◆ TASK ITEM
Below are some records; reproduce every one of them exactly.

◆ Short web captions
────────────────────────────────────────

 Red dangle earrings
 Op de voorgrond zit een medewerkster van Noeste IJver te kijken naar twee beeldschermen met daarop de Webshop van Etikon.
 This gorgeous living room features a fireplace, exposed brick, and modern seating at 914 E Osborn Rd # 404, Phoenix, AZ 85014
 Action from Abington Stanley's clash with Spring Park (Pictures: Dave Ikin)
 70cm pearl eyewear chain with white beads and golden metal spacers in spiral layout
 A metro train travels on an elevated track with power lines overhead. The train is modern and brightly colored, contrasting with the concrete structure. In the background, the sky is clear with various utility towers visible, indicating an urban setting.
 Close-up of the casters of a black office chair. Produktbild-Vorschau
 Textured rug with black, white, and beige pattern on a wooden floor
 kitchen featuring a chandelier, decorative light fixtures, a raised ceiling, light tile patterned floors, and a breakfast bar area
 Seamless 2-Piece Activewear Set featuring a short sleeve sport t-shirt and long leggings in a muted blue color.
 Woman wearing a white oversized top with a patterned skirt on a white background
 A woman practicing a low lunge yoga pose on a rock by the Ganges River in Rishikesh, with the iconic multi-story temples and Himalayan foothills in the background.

────────────────────────────────────────

◆ EXERCISE OUTPUT
 Red dangle earrings
 Op de voorgrond zit een medewerkster van Noeste IJver te kijken naar twee beeldschermen met daarop de Webshop van Etikon.
 This gorgeous living room features a fireplace, exposed brick, and modern seating at 914 E Osborn Rd # 404, Phoenix, AZ 85014
 Action from Abington Stanley's clash with Spring Park (Pictures: Dave Ikin)
 70cm pearl eyewear chain with white beads and golden metal spacers in spiral layout
 A metro train travels on an elevated track with power lines overhead. The train is modern and brightly colored, contrasting with the concrete structure. In the background, the sky is clear with various utility towers visible, indicating an urban setting.
 Close-up of the casters of a black office chair. Produktbild-Vorschau
 Textured rug with black, white, and beige pattern on a wooden floor
 kitchen featuring a chandelier, decorative light fixtures, a raised ceiling, light tile patterned floors, and a breakfast bar area
 Seamless 2-Piece Activewear Set featuring a short sleeve sport t-shirt and long leggings in a muted blue color.
 Woman wearing a white oversized top with a patterned skirt on a white background
 A woman practicing a low lunge yoga pose on a rock by the Ganges River in Rishikesh, with the iconic multi-story temples and Himalayan foothills in the background.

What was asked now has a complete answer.